Shortly before that the Ukrainian Interior Ministry warned Radical Party leader Oleg Lyashko, a member of the national parliament, he might be indicted on criminal charges for uttering public threats against law enforcement officials.
The protesters show no intention of leaving the building of the Agricultural Policies and Food Ministry in Independence Square. An opposition activist who introduced himself as the building’s “governor” said that the rooms could accommodate about 3,000 people for the night.
“We shall be giving them something to eat and making tea for them. Here they will be able to get warm,” he said.
Dozens of people spent the night on the floor in the ministry’s corridors. Most of the offices are locked and sealed. On Friday, the staff were allowed to take out their personal belongings.
The ministry’s press-service said that the demonstrators had seized the building by force, smashed doors, windows and CCTV cameras, control panels and electric switches.

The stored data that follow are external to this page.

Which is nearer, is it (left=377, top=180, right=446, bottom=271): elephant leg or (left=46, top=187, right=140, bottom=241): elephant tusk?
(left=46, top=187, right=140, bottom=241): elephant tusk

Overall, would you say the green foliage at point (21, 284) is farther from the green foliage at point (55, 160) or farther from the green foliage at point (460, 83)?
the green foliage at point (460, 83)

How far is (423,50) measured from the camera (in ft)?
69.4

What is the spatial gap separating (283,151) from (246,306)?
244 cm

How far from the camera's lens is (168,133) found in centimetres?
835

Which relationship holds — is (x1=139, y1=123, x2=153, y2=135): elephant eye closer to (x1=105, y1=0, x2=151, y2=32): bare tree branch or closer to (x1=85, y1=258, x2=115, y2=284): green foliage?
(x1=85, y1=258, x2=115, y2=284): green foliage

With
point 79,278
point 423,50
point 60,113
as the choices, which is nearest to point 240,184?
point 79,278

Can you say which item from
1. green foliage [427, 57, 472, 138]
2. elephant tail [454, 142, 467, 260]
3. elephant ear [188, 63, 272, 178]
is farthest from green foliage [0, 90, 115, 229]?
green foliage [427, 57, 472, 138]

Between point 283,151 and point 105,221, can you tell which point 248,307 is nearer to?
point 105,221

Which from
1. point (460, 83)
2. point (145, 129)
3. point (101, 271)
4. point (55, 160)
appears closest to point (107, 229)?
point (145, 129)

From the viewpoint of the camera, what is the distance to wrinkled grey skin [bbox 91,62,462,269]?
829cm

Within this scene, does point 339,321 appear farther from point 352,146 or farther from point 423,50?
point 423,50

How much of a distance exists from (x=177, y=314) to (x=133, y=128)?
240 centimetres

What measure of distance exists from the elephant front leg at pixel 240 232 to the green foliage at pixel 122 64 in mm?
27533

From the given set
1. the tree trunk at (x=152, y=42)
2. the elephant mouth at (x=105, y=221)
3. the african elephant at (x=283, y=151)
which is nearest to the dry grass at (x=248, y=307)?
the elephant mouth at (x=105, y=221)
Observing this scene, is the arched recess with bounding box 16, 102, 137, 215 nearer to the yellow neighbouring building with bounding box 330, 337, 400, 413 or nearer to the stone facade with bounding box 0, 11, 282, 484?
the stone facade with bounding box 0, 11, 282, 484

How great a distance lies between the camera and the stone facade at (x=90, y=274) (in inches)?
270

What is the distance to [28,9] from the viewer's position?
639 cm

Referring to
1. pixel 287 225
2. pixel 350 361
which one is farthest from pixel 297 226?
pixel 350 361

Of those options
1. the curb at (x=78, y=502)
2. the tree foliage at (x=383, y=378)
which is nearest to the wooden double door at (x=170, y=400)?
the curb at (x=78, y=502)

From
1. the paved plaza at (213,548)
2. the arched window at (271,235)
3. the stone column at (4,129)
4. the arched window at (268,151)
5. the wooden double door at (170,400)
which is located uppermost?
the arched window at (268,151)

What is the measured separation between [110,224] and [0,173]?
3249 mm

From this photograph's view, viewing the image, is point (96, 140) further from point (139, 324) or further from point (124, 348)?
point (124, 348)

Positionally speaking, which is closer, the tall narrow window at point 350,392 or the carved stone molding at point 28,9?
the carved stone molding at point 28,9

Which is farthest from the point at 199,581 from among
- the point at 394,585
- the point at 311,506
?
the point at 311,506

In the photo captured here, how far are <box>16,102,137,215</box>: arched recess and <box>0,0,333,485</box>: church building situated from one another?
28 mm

The security personnel who tried to offer resistance were beaten up.
Agriculture Minister Nikolai Prisyazhnyuk said on Friday that the seizure of the ministry’s building might cause great harm to the country’s agriculture.
“Losses for farming may be critical. This will deal a blow on social benefits. The farming sector has become the economy’s growth engine. The disruption of its normal operation would hit the socially vulnerable groups of the population in the first place.